1. when i rip off the mirror, what will be behind, will the mirror be glued to the drywall?  will it be glue to studs....  maybe glues to block wall which surrounds the chimeny?  i have no idea

any comments will be appreciated.

i will attache a photo soon


----------



## Cork-Guy (May 11, 2010)

It will be easier to give you information when you post the photo. I doubt it's just the mirror with the studs behind it; there might be some type of firewall behind it that the mirror is attached to.


----------



## andrewsiv9 (May 11, 2010)

http://img28.imageshack.us/img28/8738/mezzz.jpg





Uploaded with ImageShack.us


sorry not the best at uploading   hope this works


----------



## oldognewtrick (May 11, 2010)

Andrew new members can't post pics, they have to be approved by a moderator. You should see them now and welcome to House Repair Talk!


----------



## BobAristide (Jun 2, 2010)

It's still hard to tell how the mirror is held in place. I think that in order to hold the weight of the mirror, the wall must have some sort of structure behind. You might want to consider light weight antico stone panels. They look very much like real stone but they are lightweight and can be glued in place anywhere. They can also be ordered in fire-rated and any1 can install them.
Keep us posted on the progress.


----------



## thomask (Jun 2, 2010)

Be VERY CAREFUL when removing that large mirror.  It may very well be glued to drywall.  Do not get cut or let anyone in front of the mirror while removing.  You may wish to tape the mirror for safety sake. 

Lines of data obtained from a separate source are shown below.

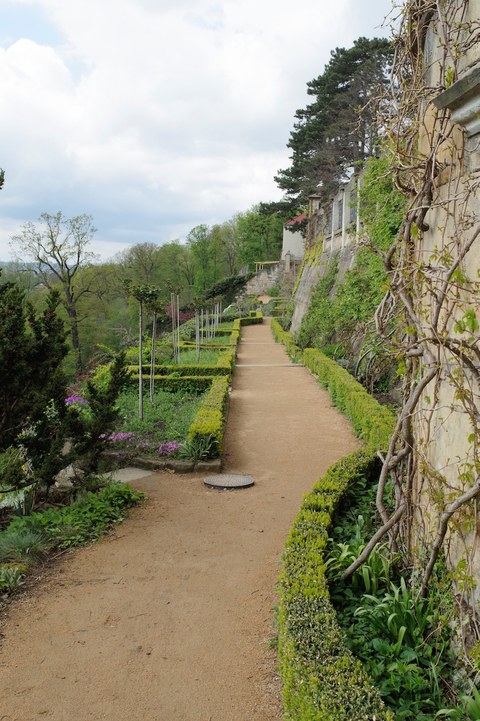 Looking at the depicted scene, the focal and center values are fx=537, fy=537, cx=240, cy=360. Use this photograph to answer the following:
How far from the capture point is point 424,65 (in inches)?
143

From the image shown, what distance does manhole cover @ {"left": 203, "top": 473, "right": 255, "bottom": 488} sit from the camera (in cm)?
667

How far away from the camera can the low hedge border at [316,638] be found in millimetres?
2273

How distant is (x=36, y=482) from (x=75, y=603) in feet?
5.70

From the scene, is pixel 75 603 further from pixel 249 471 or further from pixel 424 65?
pixel 424 65

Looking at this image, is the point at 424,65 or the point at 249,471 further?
the point at 249,471

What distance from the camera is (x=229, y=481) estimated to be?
6.81m

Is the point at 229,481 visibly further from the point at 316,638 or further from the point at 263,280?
the point at 263,280

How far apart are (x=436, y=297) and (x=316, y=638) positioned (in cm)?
187

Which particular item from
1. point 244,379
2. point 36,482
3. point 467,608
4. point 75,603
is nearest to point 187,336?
point 244,379

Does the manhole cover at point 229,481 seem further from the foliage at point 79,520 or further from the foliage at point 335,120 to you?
the foliage at point 335,120

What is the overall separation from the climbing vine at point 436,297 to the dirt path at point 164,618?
101cm

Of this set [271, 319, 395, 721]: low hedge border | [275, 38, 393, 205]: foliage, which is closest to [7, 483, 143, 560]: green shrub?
[271, 319, 395, 721]: low hedge border

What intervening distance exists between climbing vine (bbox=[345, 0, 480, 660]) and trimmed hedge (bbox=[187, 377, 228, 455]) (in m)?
4.04

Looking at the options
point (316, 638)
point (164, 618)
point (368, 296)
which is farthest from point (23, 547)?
point (368, 296) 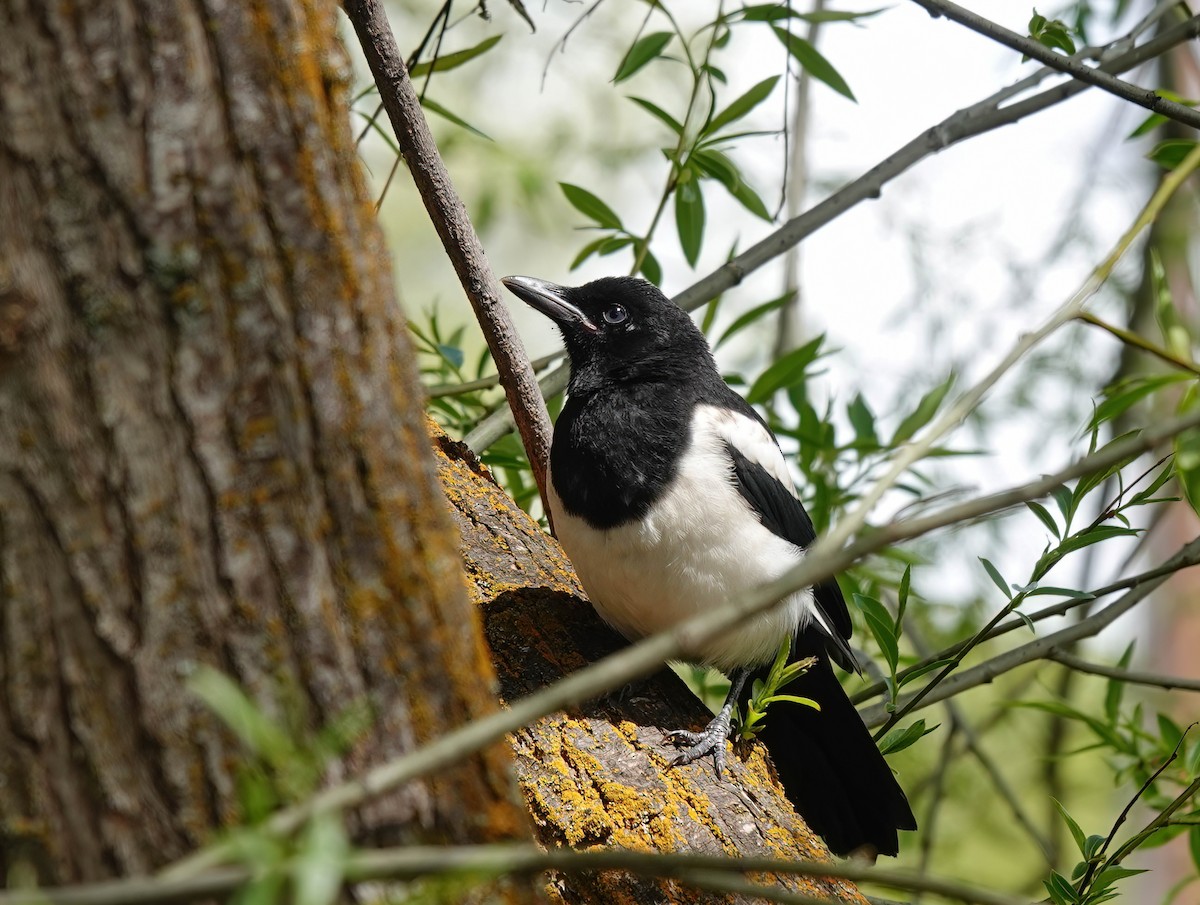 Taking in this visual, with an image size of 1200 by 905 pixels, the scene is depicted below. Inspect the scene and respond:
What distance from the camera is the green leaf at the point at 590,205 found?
3228 millimetres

Perhaps a mirror company would remove it for free or reduced price if they get to keep it. Just a thought.


----------



## andrewsiv9 (Jun 10, 2010)

I was thinking of taping up the whole mirror and remove it, good tip!

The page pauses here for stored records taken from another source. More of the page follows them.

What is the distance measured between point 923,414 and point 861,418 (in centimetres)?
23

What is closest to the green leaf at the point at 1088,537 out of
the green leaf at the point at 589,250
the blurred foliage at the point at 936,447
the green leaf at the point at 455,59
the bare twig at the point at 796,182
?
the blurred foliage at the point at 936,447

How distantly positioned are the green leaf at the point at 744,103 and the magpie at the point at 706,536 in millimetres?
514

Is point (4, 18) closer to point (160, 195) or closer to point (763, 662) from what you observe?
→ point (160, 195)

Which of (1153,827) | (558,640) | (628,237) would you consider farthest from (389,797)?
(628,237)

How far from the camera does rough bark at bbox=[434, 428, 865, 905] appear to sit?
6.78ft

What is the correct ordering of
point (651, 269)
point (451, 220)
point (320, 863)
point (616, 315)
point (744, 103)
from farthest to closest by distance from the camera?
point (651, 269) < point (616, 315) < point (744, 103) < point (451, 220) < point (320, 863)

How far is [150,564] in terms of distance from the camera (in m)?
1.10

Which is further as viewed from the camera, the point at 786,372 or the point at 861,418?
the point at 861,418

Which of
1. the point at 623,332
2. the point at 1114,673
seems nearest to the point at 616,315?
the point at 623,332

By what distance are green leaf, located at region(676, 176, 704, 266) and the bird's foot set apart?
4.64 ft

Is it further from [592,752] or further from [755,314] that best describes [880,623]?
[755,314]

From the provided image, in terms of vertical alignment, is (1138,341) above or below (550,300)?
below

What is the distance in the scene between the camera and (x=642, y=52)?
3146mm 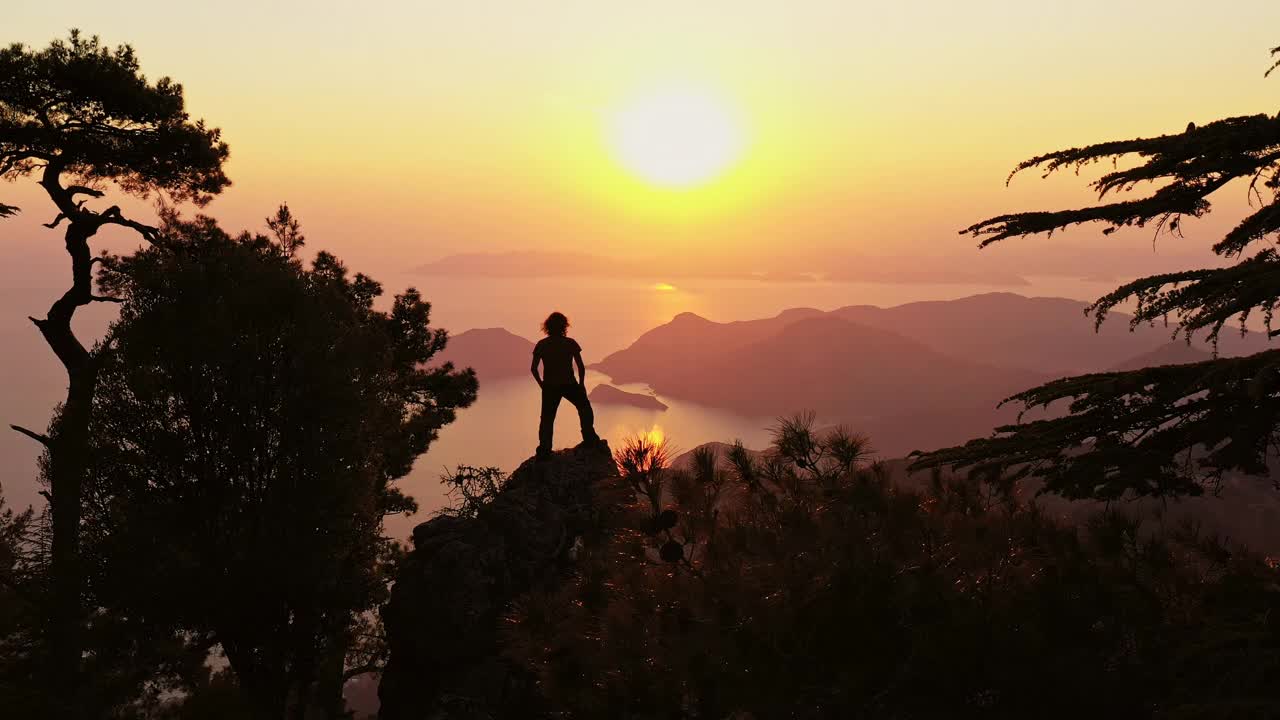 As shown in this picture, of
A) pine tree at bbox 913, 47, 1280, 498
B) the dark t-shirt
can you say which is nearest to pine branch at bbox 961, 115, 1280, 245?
pine tree at bbox 913, 47, 1280, 498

Unfortunately i will not get the place until early September, so if anyone is curious i could take pics of the process when i do it then


----------



## oldognewtrick (Jun 10, 2010)

andrewsiv9 said:


> I was thinking of taping up the whole mirror and remove it, good tip!
> 
> Unfortunately i will not get the place until early September, so *if anyone is curious i could take pics of the process when i do it then[/*QUOTE]
> 
> ...


----------



## andrewsiv9 (Jun 10, 2010)

I just feel the mirrors gives the place an out dated look.  its funny your not the first person to tell me it will make the space feel smaller

My plan is to put that "brick veneer" up until the mantle and paint the drywall above the mandle. maybe put in a tv on the wall above the fireplace. as for the room adjacent to the fireplace we are still not 100% sure what to do with it. maybe a sort of sitting room with a little bar by the fireplace.  who knows!

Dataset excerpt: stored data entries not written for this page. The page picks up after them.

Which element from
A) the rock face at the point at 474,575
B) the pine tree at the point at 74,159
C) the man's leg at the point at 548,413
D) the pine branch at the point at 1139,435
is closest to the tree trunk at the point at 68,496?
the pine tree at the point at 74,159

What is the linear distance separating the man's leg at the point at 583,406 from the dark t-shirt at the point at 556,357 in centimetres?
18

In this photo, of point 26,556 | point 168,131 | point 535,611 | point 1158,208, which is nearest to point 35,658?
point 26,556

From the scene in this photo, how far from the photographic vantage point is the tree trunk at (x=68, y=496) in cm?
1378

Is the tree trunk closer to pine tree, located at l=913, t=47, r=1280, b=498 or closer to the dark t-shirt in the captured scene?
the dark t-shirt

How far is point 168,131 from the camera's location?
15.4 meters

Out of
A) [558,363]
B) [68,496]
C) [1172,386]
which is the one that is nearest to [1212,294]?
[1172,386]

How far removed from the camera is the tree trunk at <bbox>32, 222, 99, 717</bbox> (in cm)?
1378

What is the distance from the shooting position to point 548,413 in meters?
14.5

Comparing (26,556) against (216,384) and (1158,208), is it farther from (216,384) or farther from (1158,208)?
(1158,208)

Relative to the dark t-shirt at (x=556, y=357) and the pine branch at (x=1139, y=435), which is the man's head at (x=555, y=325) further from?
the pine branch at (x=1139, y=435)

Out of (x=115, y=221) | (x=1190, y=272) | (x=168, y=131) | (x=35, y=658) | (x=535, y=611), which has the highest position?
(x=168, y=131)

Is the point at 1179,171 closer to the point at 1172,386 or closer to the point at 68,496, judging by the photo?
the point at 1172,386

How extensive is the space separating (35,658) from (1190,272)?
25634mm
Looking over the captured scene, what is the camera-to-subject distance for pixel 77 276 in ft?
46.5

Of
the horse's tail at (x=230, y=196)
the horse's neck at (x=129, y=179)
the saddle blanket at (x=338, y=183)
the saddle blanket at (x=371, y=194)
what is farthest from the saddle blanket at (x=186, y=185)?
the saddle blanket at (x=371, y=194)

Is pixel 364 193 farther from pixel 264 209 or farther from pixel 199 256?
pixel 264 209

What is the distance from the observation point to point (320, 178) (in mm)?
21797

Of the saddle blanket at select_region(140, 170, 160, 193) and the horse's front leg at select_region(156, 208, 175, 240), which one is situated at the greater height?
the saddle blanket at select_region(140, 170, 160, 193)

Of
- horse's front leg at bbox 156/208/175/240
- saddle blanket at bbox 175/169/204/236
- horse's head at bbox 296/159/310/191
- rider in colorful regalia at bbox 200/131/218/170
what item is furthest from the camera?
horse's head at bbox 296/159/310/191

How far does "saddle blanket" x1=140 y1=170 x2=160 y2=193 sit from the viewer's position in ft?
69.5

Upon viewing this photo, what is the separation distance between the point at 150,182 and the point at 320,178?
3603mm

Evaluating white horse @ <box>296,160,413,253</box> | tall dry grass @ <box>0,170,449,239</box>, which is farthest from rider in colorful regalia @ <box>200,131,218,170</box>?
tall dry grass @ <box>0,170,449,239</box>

will take pics in the fall


----------



## frozenstar (Jun 16, 2010)

Yep. I think removing the mirror would make the place look small. When I first saw the pic. I didn't thought that it was a mirror. It seems like you don't like mirrors that much. If you are really planning to remove it. I guess hiring a professional to do it is better so as to avoid any accident. I'm sure they got the right equipment to do the job.


----------



## andrewsiv9 (Sep 7, 2010)

ok well i am now done with the renovations. i ended up removing the mirrors myself with some help. at their highest point the mirrors were about 15 ft high. the mirrors were clipped on all around and glue on from behind. the mirrors were installed about 20 years ago so alot of it came off easily. 

If you want me to post more pictures just ask.


----------



## thomask (Sep 7, 2010)

Yes, we would enjoy seeing more pics of what you did to your fireplace and stages of work.

Glad that big mirror got safely out of the condo. DId it stay in one piece? 

BTW  Are you mounting a tv on your fireplace?


----------



## andrewsiv9 (Sep 8, 2010)

Actually the mirror was not one whole mirror but a few vertical "slices" of mirrors each about 18" wide. Some of them stayed intact, others shattered into very sharp pieces. Needless to say we were very careful.

I will post more picture of the stages of work when i get home tonight.

As for the TV that is the exact question i have been debating due to the presence of the two vent which will release some hot air + a little smoke i am sure. if i do install a tv i might just sit it on the mantle and shield it all around somehow


----------



## thomask (Sep 8, 2010)

ANdrew,

That was good, I was worried about removing such a large mirror all at one time. 

Those vents should not be a big problem as long as they are not directly behind your TV. 

Perhaps an AV expert can give some advice here on mounting, etc.

Nice stone work, it gives you a whole different feel to your great room I am sure.

We have a stone fireplace in our great room and sure enjoy it on a cold evening in the South.


----------



## BobAristide (Oct 6, 2010)

Congrats. That looks good! It must have been a LOT of work using real heavy stone.


----------



## RichardOkeefe (Jun 1, 2016)

I think it is good.


----------